In the last election cycle the justification was “preservation of agricultural lands”, “more open space”, “conserving environmentally sensitive lands”, “future school sites, recreational and athletic space”. Having failed in that attempt the focus is now being placed on things more voters can relate to: “…congestion reducing road projects, purchasing fire rescue equipment – like trucks and ambulances…” In the background at most venues, but pushed in some circles, are the large percentage of funds slated for “…purchasing conservation lands, funding parks and recreation facilities, and funding historic preservation and redevelopment projects.” In short, most of their discussions appear to be on how to sell the tax to the public and give every advocacy group in Martin County a reason to support it - not how much do we really need and for how long.

Our real complaint is that we do not believe that Martin County should need an additional $20+ million per year. Martin County’s population increase has been stable at less than 3% per year for many years while government expenses have been rising nearly10 times as fast. For example, in 1994 there were about 110,000 residents in Martin County and government expenditures of $128.4 million or $1,167 per person. Ten years later, (through 2003) the population was 134,500, but government expenditures were a whopping $391.4 million. That is an increase in dollars spent per year, per man, woman and child in the county to nearly $3,000 each - and this does not include the School System.

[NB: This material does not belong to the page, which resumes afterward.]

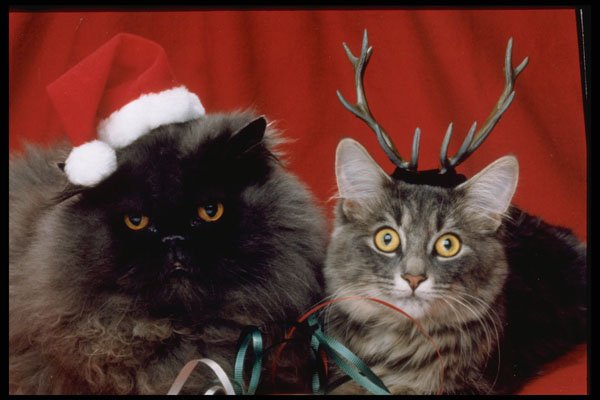 336055 T'was The Night Before Christmas A4 Photo Print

We believe bad decisions were made in the past and, yes, just looking back does not fix things. However, giving more money to a system that is demonstrably inefficient and has used bad judgment setting past priorities is not the answer. That means: no more construction costs that are 2 – 3 times the commercial market. No more union negotiations carried out by county employees that will benefit from the outcome. No more paying overtime to high-level salaried managers doing what they were hired to do. No more using consultants to design a dog park. No more using large numbers of part time employees to hold down the actual employee count. No more building additional parks as a back door way to preserve land – we will support it, but call it what it is and avoid expensive, underutilized parks and parking lots that cost over $1,000 per space. No more moving/restoring old buildings of questionable historic value while avoiding building a much-needed bridge or improving roads in the same area.

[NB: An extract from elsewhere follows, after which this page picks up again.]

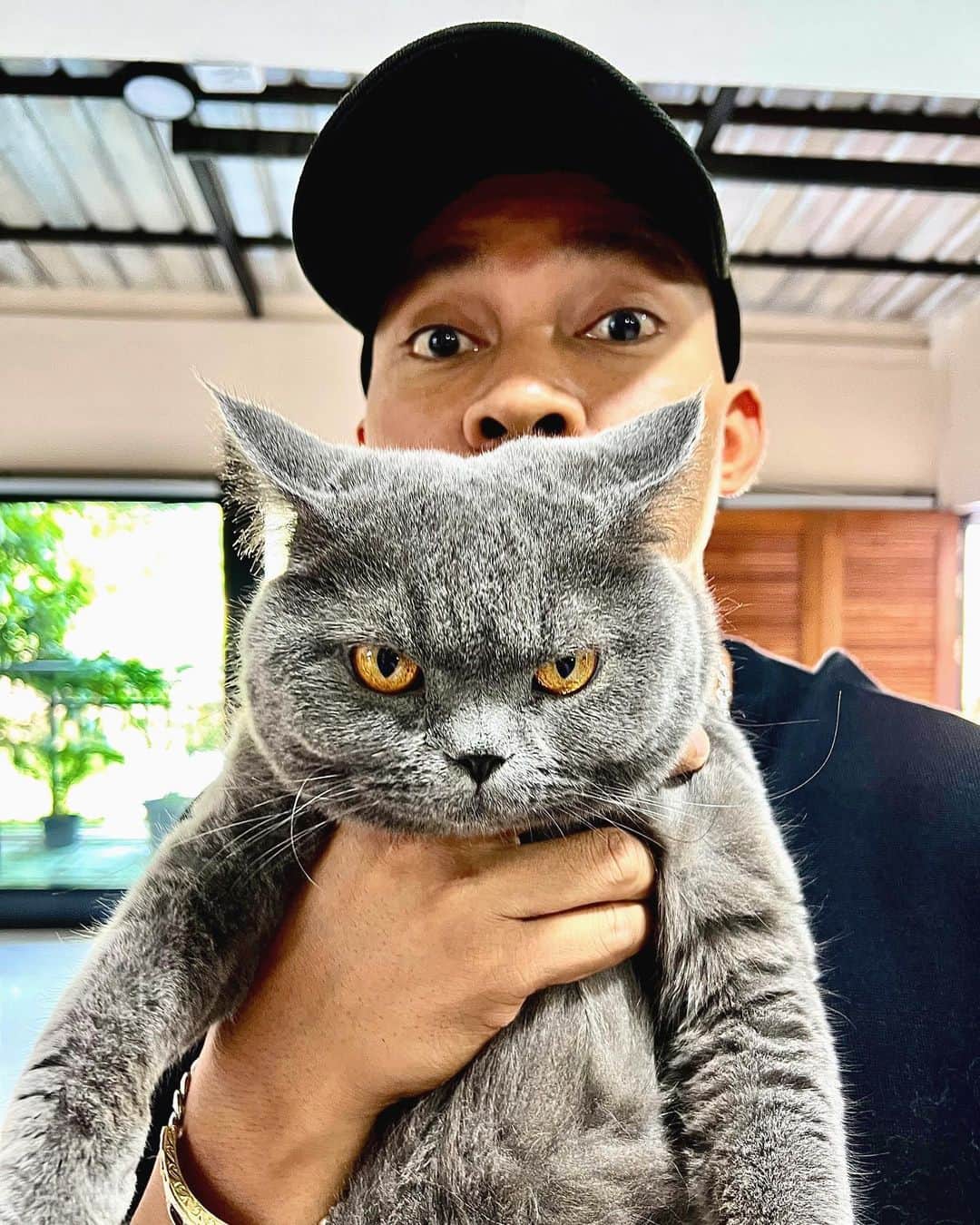 トニー・ジャーのインスタグラム：「Seriously 🐈🐈🐈  หน้าอย่างโหด แต่อยู่ในโหมดมุ้งมิ่ง 😎😎😎」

We could go on and on with additional examples, but you should have gotten the point. As the County hires a new Administrator it should use the opportunity to address these and many other issues. Before we can support ANY tax increases we want (and County voters deserve) hard evidence that things are changing and the additional funds will be used effectively for purposes deserving our support.

Just tell us the truth. Where did the money from the 4-cent gas tax increase go? Where are the Impact Fees being spent? Where have the additional property taxes generated by our sky rocketing real estate market gone? What is being done to cut the costs of government? Exactly what projects do you need more money for and what will they cost? We can handle the truth and will support real needs - we can’t handle the spending as usual.